L’inégalité des propriétés dut produire de grands mouvements, des révoltes fréquentes de la part du petit peuple. Fabius mérita le surnom de Maximus pour les avoir apaisés par sa sagesse, en ordonnant que tout le peuple romain fût divisé en trois classes (sénateurs, chevaliers et plébéiens), dans lesquelles les citoyens se placeraient selon leurs facultés. Auparavant, l’ordre des sénateurs, composé entièrement de nobles, occupait seul les magistratures ; les plébéiens riches purent entrer dans cet ordre. Ils oublièrent leurs maux en voyant que la route des honneurs leur était ouverte désormais. C’est ce changement, c’est la loi Publilia, qui établirent la démocratie dans Rome, et non la loi des Douze Tables, qu’on aurait apportée d’Athènes. Aussi Tite-Live, tout ignorant qu’il est de ce qui regarde la constitution ancienne de Rome, nous raconte que les nobles se plaignaient d’avoir plus perdu par la loi Publilia que gagné par toutes les victoires qu’ils avaient remportées la même année[1].

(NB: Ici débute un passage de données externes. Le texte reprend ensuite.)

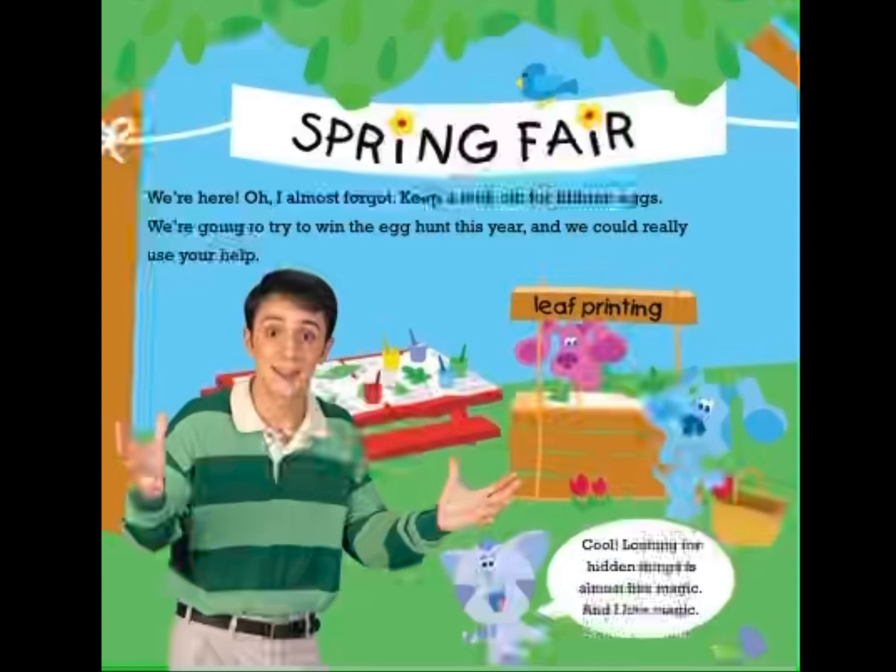We're here. I almost forgot — keep a lookout for hidden eggs. We're gonna try to win the egg hunt this year, and we could really use your help. Looking for hidden things is almost like magic, and I love magic.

Dans la démocratie, où le peuple entier constitue la cité, il arriva que le domaine civil ne fut plus ainsi appelé dans le sens de domaine public, quoiqu’il eût été appelé civil du mot de cité. Il se divisa entre tous les domaines privés des citoyens romains dont la réunion

  1. Bernardo Segni traduit ce qu’Aristote appelle une république démocratique par republica per censo. (Vico.)